Hugging Face-based student model for hierarchical text classification.

This implementation combines Hugging Face transformer models for text encoding with multi-layer perceptron (MLP) classifiers for hierarchical classification decisions. The model encodes input text using pre-trained transformers, then applies local classifiers at each taxonomy level to make hierarchical predictions.

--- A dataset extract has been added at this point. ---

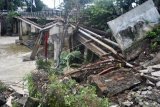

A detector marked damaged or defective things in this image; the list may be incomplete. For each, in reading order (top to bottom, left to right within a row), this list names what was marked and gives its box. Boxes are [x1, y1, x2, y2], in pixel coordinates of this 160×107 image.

The architecture supports configurable MLP layers, various PyTorch optimizers, early stopping, and class weight balancing to handle imbalanced training datasets effectively. Designed for efficient inference after training on teacher-generated labels.

__init__

__init__(taxonomy: Taxonomy, config: Dict[str, Any], text_encoder: HuggingfaceTextEncoder, encoding_batch_size: int = 128) None

Initialize the HuggingFaceStudentHTC model. HuggingFaceStudentHTC models expect a config dictionary with the following keys: {

“model”: {

“hidden_dim”: <hidden dimension of MLP>, “num_layers”: <number of layers in MLP>, “dropout_rate”: <dropout rate of MLP>

}, “optimizer”: {

“name”: <torch optimizer name>, “params”: {<dictionary of kwargs for torch optimizer>}

}, “train”: {

“batch_size”: <batch size>, “num_epochs”: <maximum number of epochs>, “early_stopping_patience”: <number of epochs to wait before early stopping>, “train_validation_split”: <fraction of data to use for training>, “balance_class_weights”: <whether to balance class weights>

}, “valid”: {

“batch_size”: <batch size>

}

} :param taxonomy: The taxonomy data class instance to use. :param config: The configuration dictionary. :param text_encoder: The text encoder to use. :param encoding_batch_size: The batch size to use for encoding texts. Default is 128.

Methods

__init__(taxonomy, config, text_encoder[, ...])Initialize the HuggingFaceStudentHTC model. HuggingFaceStudentHTC models expect a config dictionary with the following keys: { "model": { "hidden_dim": <hidden dimension of MLP>, "num_layers": <number of layers in MLP>, "dropout_rate": <dropout rate of MLP> }, "optimizer": { "name": <torch optimizer name>, "params": {<dictionary of kwargs for torch optimizer>} }, "train": { "batch_size": <batch size>, "num_epochs": <maximum number of epochs>, "early_stopping_patience": <number of epochs to wait before early stopping>, "train_validation_split": <fraction of data to use for training>, "balance_class_weights": <whether to balance class weights> }, "valid": { "batch_size": <batch size> } } :param taxonomy: The taxonomy data class instance to use. :param config: The configuration dictionary. :param text_encoder: The text encoder to use. :param encoding_batch_size: The batch size to use for encoding texts. Default is 128.
classify_text(text)Classify the text.
classify_texts(texts)Classify a list of texts.
fit(teacher_labeled_data)Train the student model local classifiers.
get_property_labeled_data(labeled_data, prop)Get the property classifications for a given property.
get_subtaxonomy_labeled_data(labeled_data, ...)Get the labeled data for a given subtaxonomy.
init_classifiers()Initialize the classifiers. BFS through the taxonomy to initialize the classifiers. classifiers has the following format: .. code-block:: {<class_name>: { "properties": { <property_name>: { "categories": { <class_name>: { "properties": {...} } }, "classifier_index_to_class_name": <list of class names>, "classifier": <classifier> } } }} Returns: None.
load(load_path)Load the student model.
save(save_path)Save the student model.
split_features_labels(features, labels, split)Split the dataset into training and validation datasets.

classify_text

classify_text(text: str) Dict[str, Any]

Classify the text. :param text: The text to classify.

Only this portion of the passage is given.